Alors il imaginait sa vie écoulée auprès d’une épouse pareille à madame Jourdeaux. Que de calme ! que de douceur ! quelle béatitude ! Il plaignait aussi la pauvre jeune femme, sa solitude, le grand vide de son cœur. L’amitié qui était entre eux suppléerait peut-être au bonheur que ni l’un ni l’autre n’aurait jamais. Chacun d’eux avait manqué sa vie. Cette idée le rapprochait encore d’elle ; et il l’allait voir plus souvent.

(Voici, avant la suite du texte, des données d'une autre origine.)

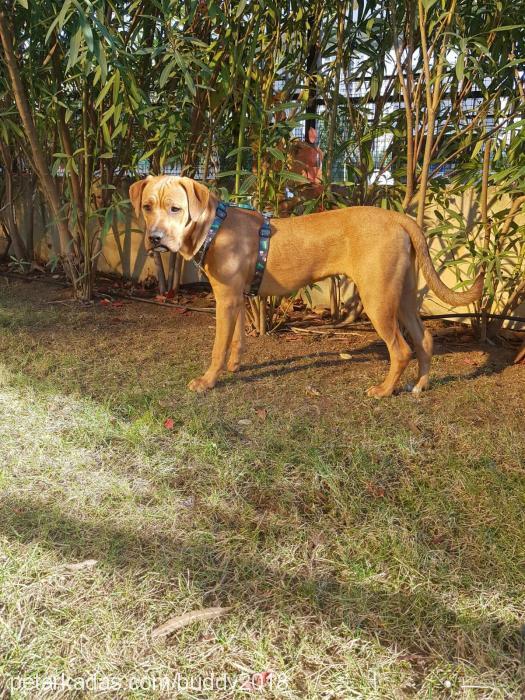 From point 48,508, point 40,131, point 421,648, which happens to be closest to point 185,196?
point 48,508

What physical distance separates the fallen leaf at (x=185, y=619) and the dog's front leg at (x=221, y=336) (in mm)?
1688

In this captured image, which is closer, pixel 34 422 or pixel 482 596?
pixel 482 596

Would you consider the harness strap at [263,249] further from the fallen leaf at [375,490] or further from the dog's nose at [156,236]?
the fallen leaf at [375,490]

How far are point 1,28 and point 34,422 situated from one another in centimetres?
299

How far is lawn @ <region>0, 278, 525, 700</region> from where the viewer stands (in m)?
1.48

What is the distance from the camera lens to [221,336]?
322 centimetres

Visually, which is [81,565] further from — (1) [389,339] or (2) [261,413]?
(1) [389,339]

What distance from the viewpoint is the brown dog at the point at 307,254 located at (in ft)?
9.63

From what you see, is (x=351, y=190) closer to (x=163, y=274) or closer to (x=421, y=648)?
(x=163, y=274)

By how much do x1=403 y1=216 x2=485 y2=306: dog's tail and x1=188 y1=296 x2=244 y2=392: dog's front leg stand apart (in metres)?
1.01

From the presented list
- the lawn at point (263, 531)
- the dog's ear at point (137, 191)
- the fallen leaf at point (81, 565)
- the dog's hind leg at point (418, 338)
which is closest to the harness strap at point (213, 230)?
the dog's ear at point (137, 191)

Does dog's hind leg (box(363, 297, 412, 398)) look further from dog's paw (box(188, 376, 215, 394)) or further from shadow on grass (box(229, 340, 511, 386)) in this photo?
dog's paw (box(188, 376, 215, 394))

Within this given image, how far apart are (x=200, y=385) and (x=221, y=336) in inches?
12.1

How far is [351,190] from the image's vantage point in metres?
4.35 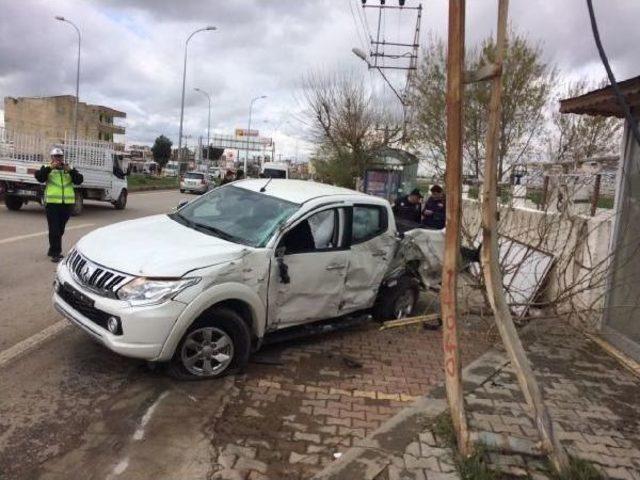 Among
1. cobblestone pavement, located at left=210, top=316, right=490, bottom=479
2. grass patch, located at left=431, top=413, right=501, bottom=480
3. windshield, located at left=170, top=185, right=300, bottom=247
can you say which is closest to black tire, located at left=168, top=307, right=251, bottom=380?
cobblestone pavement, located at left=210, top=316, right=490, bottom=479

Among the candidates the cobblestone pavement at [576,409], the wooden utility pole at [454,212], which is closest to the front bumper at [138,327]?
the wooden utility pole at [454,212]

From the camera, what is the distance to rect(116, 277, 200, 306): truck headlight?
14.4 feet

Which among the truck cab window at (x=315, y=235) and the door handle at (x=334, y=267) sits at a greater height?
the truck cab window at (x=315, y=235)

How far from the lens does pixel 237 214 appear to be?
5852 millimetres

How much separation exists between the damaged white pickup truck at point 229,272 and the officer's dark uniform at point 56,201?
12.5ft

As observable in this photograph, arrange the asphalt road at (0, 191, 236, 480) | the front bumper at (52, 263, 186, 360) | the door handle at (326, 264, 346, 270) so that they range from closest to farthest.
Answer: the asphalt road at (0, 191, 236, 480)
the front bumper at (52, 263, 186, 360)
the door handle at (326, 264, 346, 270)

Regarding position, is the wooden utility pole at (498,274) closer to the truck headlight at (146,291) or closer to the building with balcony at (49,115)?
the truck headlight at (146,291)

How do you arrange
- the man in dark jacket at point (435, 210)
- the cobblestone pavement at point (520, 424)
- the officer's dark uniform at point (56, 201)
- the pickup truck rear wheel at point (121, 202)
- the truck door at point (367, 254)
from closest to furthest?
the cobblestone pavement at point (520, 424) → the truck door at point (367, 254) → the officer's dark uniform at point (56, 201) → the man in dark jacket at point (435, 210) → the pickup truck rear wheel at point (121, 202)

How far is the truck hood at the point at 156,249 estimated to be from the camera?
14.9ft

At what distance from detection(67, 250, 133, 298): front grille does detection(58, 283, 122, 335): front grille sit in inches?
3.3

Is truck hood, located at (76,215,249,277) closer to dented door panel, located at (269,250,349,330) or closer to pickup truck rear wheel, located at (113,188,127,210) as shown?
dented door panel, located at (269,250,349,330)

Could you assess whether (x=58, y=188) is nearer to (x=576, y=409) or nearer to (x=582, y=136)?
(x=576, y=409)

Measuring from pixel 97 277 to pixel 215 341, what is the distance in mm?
1040

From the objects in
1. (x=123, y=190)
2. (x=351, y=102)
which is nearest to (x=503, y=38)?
(x=123, y=190) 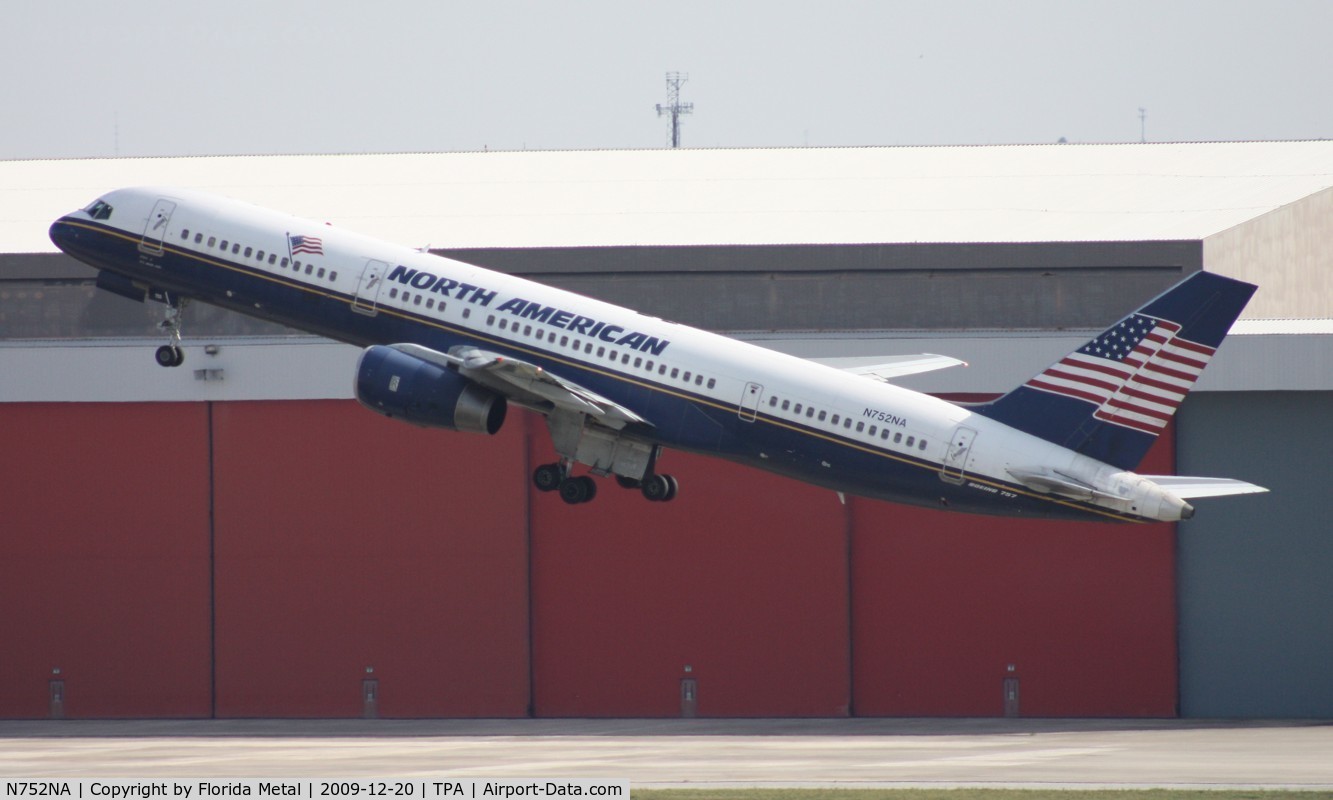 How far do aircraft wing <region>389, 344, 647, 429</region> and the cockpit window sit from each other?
13122 millimetres

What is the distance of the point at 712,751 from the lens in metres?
69.6

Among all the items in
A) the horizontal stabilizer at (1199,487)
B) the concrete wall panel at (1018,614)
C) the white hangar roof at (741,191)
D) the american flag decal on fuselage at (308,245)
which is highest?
the white hangar roof at (741,191)

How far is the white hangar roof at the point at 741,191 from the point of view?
87.6 m

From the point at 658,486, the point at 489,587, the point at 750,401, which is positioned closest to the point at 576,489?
the point at 658,486

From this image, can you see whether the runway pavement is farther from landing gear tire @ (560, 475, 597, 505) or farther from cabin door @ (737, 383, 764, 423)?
cabin door @ (737, 383, 764, 423)

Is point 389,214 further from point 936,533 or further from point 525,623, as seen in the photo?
point 936,533

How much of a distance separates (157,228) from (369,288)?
8369 mm

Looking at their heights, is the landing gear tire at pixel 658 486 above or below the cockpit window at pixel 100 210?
below

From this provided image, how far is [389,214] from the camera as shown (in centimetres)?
9281

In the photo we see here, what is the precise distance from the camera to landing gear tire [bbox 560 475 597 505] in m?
63.3

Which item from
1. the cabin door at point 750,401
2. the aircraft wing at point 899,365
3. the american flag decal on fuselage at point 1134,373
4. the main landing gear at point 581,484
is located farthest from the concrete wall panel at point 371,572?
the american flag decal on fuselage at point 1134,373

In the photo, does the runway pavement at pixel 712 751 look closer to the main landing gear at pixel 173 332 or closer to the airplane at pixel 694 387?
the airplane at pixel 694 387

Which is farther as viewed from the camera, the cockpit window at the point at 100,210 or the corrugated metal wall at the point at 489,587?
the corrugated metal wall at the point at 489,587

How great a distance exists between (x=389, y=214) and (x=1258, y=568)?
134 feet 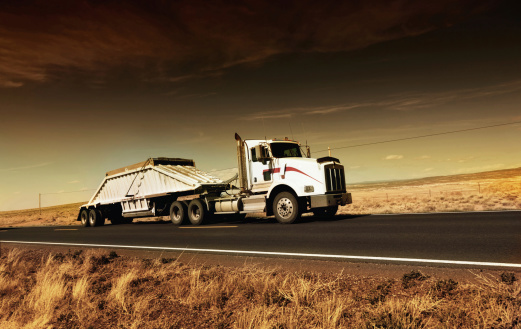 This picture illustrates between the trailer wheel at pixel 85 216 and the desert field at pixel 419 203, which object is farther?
the trailer wheel at pixel 85 216

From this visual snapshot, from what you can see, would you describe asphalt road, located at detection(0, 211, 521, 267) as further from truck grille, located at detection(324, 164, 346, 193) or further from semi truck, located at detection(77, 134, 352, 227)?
truck grille, located at detection(324, 164, 346, 193)

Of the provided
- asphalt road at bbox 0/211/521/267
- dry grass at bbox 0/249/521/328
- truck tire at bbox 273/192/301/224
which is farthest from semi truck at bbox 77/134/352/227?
dry grass at bbox 0/249/521/328

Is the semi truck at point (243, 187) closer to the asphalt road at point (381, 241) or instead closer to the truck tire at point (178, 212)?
the truck tire at point (178, 212)

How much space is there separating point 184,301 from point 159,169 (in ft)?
43.6

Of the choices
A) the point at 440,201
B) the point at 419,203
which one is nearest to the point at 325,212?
the point at 419,203

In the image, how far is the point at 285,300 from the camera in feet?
14.3

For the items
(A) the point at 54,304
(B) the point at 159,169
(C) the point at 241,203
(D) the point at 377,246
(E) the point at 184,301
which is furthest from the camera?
(B) the point at 159,169

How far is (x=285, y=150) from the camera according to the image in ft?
45.9

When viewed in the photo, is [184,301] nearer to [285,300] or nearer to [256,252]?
[285,300]

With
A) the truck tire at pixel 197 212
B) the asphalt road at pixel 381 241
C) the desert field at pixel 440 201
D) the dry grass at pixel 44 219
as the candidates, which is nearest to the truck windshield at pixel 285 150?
the asphalt road at pixel 381 241

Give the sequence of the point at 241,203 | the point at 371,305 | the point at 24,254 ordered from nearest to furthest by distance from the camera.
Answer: the point at 371,305 < the point at 24,254 < the point at 241,203

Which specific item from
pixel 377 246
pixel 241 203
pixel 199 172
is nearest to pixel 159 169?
pixel 199 172

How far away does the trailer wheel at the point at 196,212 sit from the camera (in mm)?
14992

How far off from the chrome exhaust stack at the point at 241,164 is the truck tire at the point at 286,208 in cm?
183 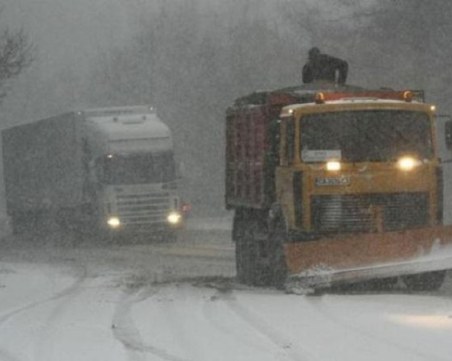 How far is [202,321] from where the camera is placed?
14531 millimetres

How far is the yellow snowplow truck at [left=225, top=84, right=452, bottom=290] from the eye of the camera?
679 inches

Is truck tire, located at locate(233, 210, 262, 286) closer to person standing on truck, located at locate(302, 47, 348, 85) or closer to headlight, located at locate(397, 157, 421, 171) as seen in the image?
headlight, located at locate(397, 157, 421, 171)

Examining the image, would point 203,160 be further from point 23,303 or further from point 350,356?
point 350,356

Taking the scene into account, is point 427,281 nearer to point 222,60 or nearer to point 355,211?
point 355,211

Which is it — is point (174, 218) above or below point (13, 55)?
below

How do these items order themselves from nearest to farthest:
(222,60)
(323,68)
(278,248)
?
(278,248)
(323,68)
(222,60)

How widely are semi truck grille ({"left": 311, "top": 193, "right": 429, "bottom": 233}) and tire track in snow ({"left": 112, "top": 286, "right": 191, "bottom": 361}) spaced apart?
2.79m

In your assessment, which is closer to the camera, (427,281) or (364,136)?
(364,136)

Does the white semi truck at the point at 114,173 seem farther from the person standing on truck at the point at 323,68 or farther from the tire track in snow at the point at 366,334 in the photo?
the tire track in snow at the point at 366,334

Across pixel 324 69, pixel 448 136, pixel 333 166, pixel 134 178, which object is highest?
pixel 324 69

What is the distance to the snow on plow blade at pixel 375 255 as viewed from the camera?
1712cm

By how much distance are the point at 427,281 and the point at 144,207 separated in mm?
17676

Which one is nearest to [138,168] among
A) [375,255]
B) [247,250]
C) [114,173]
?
[114,173]

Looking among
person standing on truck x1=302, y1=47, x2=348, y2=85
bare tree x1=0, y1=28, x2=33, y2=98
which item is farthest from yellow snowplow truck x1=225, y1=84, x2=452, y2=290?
bare tree x1=0, y1=28, x2=33, y2=98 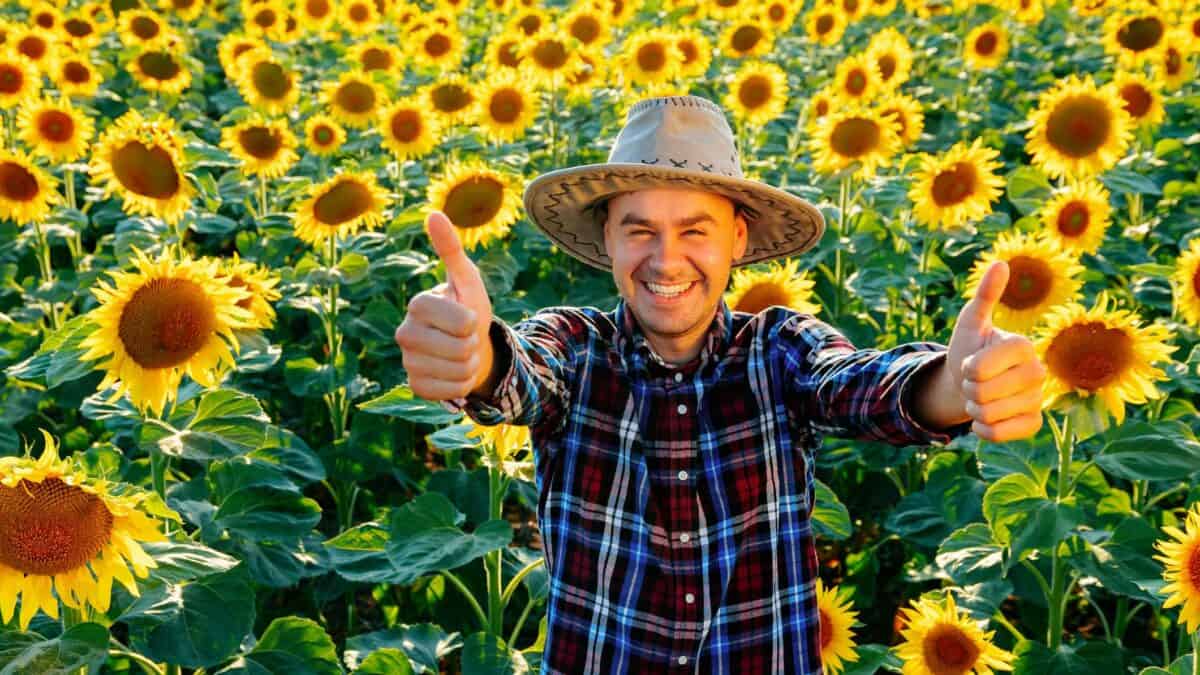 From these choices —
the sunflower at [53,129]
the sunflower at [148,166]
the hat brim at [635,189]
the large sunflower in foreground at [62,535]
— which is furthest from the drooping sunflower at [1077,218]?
the sunflower at [53,129]

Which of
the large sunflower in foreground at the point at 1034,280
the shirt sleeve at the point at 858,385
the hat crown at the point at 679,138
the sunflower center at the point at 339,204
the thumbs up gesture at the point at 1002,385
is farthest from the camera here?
the sunflower center at the point at 339,204

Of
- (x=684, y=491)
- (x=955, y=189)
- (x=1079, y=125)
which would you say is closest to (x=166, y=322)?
(x=684, y=491)

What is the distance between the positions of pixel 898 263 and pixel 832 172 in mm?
532

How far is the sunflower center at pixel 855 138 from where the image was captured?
497cm

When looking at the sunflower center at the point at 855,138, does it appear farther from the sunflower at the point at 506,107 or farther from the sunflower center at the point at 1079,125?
the sunflower at the point at 506,107

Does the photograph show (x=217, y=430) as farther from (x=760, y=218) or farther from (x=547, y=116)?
(x=547, y=116)

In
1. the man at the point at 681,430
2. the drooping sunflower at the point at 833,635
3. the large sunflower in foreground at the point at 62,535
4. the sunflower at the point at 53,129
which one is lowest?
the drooping sunflower at the point at 833,635

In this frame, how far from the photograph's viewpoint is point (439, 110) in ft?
20.0

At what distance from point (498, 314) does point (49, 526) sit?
2374 mm

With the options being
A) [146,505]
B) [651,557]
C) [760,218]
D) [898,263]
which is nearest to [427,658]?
[146,505]

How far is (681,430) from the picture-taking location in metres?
2.05

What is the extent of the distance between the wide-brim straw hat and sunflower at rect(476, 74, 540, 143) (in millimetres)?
3799

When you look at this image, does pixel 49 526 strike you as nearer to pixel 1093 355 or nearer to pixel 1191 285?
pixel 1093 355

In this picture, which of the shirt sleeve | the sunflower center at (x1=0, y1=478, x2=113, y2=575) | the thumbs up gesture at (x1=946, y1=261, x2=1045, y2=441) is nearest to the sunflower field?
the sunflower center at (x1=0, y1=478, x2=113, y2=575) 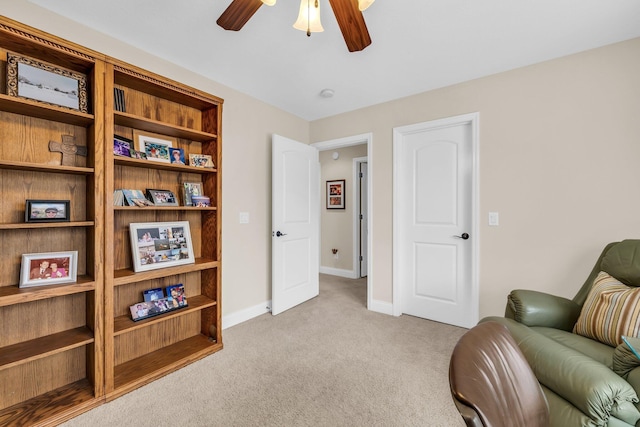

D’ailleurs il ne pouvait plus se passer de cette confidente dans la fièvre de son labeur. Il avait à tout moment des inquiétudes qui auraient été puériles si, dans le combat épique livré par ce cerveau d’homme à l’horrible mal, le moindre détail n’était devenu respectable. Les trois cobayes en observation continuaient de se bien porter. Chaque jour, on les pesait : pour quelques grammes de moins dans le poids de l’un d’eux, Guéméné perdait courage, doutait de son œuvre, courait boulevard Saint-Martin, comme si l’ignorante et douce femme qu’il y trouvait eût connu les formules savantes qui dirigent les chercheurs. Elle possédait, dans sa simplicité, un génie bienfaisant qui apaisait et vivifiait l’âme du jeune homme.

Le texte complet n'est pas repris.